# Poetry



## MASSDRIVER (Oct 15, 2013)

There was an Inspector from Nantucket

Builder told him to suck it

Had an uphill waste and ungrounded panel

Contractor said he was anal

Now the owner just sh1ts in a bucket.

Brent


----------



## steveray (Oct 15, 2013)

I know Andrew Dice Clay....and you Sir...are no Andrew Dice Clay.....!...


----------



## cda (Oct 15, 2013)

MASSDRIVER said:
			
		

> There was an Inspector from NantucketBuilder told him to suck it
> 
> Had an uphill waste and ungrounded panel
> 
> ...


Having a bad day??


----------



## MASSDRIVER (Oct 15, 2013)

Levity!

Tough crowd.

Brent


----------



## cda (Oct 15, 2013)

MASSDRIVER said:
			
		

> Levity!
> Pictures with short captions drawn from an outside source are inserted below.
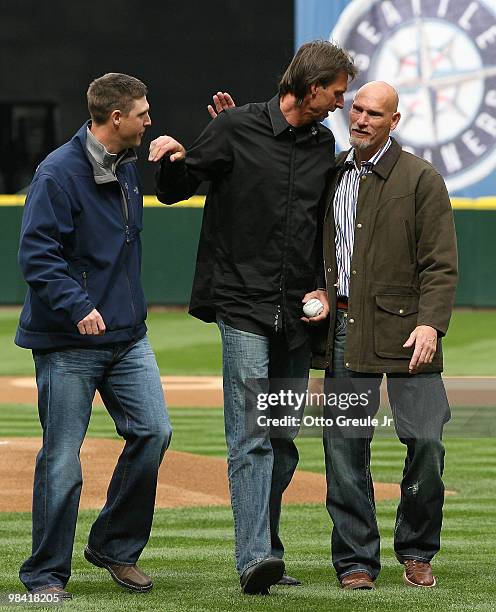 Former Mariners stars Dan Wilson, Randy Johnson, and Jay Buhner greet each other pitch prior to the Mariners' home opener against the Oakland...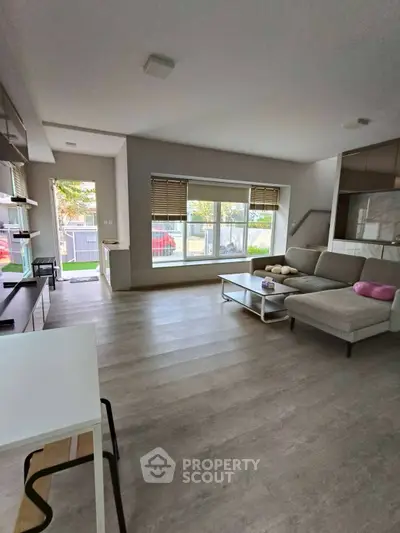 Modern living room with large window and stylish furniture in a bright, open space.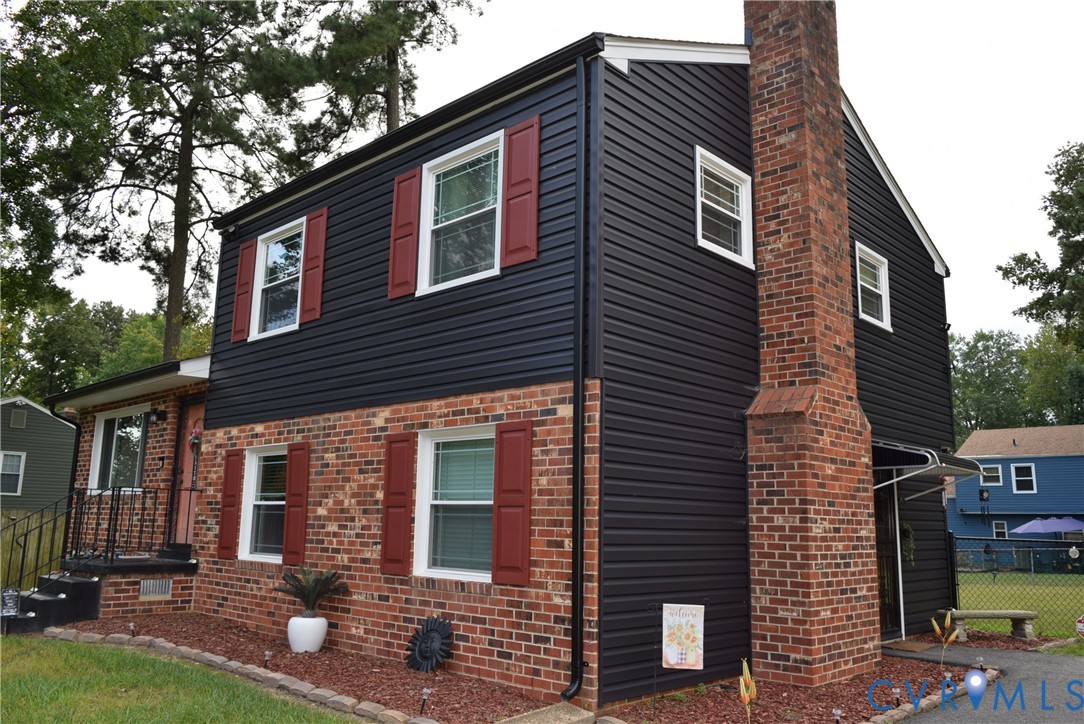 3102 Oxnard Road Richmond, VA 23223 - Photo 3 of 5 Brick and siding exterior featuring red shutters,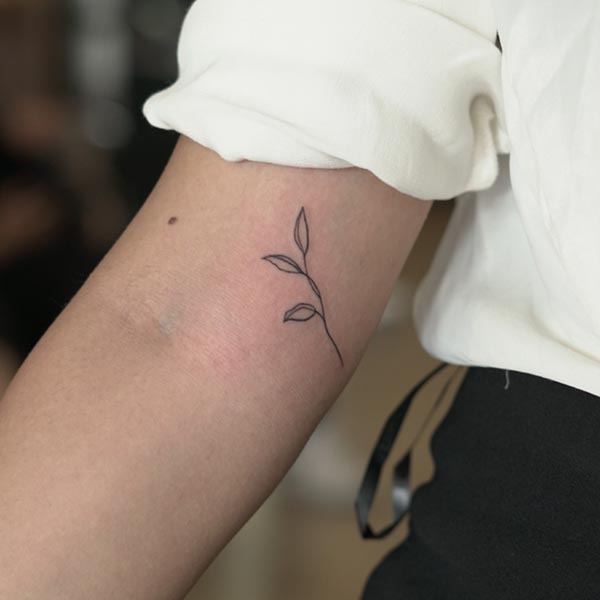 small leaves tattoo design fine line girl inner elbow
Tough crowd.
> 
> Brent


I don't even no whether to tell you to keep your day job!!!


----------



## steveray (Oct 15, 2013)

MASSDRIVER said:
			
		

> Levity! Tough crowd.
> 
> Brent


Toughest crowd you will ever love!...We are like the Peace Corps........with stop work orders....


----------



## jar546 (Oct 15, 2013)

There once was a girl named Brent

Whose house was actually a tent

She sawed some wood

More than she thought she could

Now her sewer is leaking from the vent


----------



## MASSDRIVER (Oct 16, 2013)

Thanks. Now I have booggers on my shirt.

Brent


----------



## pwood (Oct 16, 2013)

MASSDRIVER said:
			
		

> Thanks. Now I have booggers on my shirt. Brent


 call it your braille shirt!


----------



## Mac (Oct 16, 2013)

BAD LIMERICK WARNING!!!!!

There once was a Codes guy in New York

Who put effort into his work

The contractors heard

he was kind of a nerd

So now they all call him the code dork.


----------